Our research and collaboration with governments, public health bodies and infant feeding charities seeks to create an environment that doesn’t simply promote breastfeeding but protects and supports it. This involves campaigns around understanding breastfeeding and normal baby behaviour, highlighting the importance of breastfeeding for mental health, and calling for greater investment into supporting all types of infant feeding.

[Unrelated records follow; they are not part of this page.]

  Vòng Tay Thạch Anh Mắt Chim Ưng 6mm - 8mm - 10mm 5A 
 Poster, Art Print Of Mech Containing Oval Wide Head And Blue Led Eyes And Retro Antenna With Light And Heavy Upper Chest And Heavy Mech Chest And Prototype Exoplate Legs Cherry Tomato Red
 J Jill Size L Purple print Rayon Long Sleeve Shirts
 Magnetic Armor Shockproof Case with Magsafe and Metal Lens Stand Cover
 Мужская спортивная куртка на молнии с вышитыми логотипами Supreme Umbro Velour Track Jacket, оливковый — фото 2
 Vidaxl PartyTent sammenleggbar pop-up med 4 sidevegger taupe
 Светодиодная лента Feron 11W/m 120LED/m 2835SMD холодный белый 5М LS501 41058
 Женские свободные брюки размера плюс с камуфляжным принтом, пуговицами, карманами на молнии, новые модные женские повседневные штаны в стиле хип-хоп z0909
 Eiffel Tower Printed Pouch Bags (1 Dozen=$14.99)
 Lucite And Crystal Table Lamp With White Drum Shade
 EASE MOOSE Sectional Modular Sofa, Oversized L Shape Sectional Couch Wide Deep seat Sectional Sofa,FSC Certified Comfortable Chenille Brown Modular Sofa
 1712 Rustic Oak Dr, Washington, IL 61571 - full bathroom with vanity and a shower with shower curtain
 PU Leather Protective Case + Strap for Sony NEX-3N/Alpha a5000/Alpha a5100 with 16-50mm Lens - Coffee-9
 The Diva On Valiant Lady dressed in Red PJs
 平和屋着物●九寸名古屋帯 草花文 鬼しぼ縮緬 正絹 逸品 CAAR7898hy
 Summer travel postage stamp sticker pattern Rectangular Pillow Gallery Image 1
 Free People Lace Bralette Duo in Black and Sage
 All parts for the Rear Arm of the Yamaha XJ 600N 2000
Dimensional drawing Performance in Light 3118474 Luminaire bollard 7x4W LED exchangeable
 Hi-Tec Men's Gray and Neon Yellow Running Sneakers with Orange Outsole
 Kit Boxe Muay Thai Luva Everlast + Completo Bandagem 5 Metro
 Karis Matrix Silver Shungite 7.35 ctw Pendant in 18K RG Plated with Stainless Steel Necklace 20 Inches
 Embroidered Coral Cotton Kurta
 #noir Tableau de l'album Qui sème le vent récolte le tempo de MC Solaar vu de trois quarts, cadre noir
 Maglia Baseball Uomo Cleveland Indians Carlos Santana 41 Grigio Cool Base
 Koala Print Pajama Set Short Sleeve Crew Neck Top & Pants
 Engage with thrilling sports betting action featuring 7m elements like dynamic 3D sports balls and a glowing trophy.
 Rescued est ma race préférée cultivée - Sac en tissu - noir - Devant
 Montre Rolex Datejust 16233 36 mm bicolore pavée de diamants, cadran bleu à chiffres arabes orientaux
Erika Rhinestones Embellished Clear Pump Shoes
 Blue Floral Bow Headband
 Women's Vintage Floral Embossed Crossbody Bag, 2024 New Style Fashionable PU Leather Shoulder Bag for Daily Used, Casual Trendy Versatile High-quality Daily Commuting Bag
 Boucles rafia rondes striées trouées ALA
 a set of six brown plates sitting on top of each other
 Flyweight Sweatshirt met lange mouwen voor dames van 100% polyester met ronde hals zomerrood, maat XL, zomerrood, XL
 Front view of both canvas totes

Human milk is lifesaving for premature babies. When they cannot receive their own mother’s breastmilk, specially heat-treated donor milk from other mothers who have been carefully screened can protect their health and development. Recent WHO recommendations are that donor milk should be available for all preterm babies where there is a shortfall of maternal milk.
The impact of donor milk and wellbeing
As part of this, we have been exploring the impact of donor milk in protecting wellbeing, through supporting parental mental health and providing a bridge for mothers to establish their own lactation. Our collaborative data shows that when mothers who are unable to breastfeed for health reasons can access donor milk for their baby their anxiety and depression scores significantly decrease. Exploring why this might happen, our research suggests that it is the reassurance of accessing human milk for their baby but also the broader experience of being listened to, supported and feeding choices being respected.
However, until recently, Wales was the only country in the UK without its own donor milk bank. Donor milk was brought in from England to support babies in neonatal care but due to logistical reasons women in South, West and Mid Wales struggled to donate their milk as they lived too far away from a milk bank. Working with the Human Milk Foundation (HMF) a charity dedicated to ensuring equitable and assured access to donor human milk, Blood Bikes Wales who provide a free courier service for the NHS, and Swansea Bay University Health Board we established a donor milk hub in Swansea supported by Research Wales Innovation funding from HEFCW. The hub stores treated donor milk for use on neonatal wards and enables local mothers to donate their milk. Our novel research with donors already shows how protective the act of donation can be, helping them to feel part of a community and that they are making a difference in supporting other families.
Increasing access to donor milk
At present, donor milk is typically rationed for babies born under 32 weeks but alongside providing donor milk to hospitals through the Hearts Milk Bank the HMF supports families to receive donor milk for their baby, when they would not usually be eligible, funded through charitable and research funding. This includes mothers who are undergoing cancer treatment or another health issue that prevents them from breastfeeding or establishing a full supply.
The goal of our research at LIFT is to ensure that all parents feel informed and supported however they want to feed their baby. Donor milk plays an important role in that, and as services scale, government support is needed to meet the growing demand across the UK milk bank network. Our collaborative network is committed to ensuring nationally equitable milk banking services that can create the broadest range of public health impacts for future generations.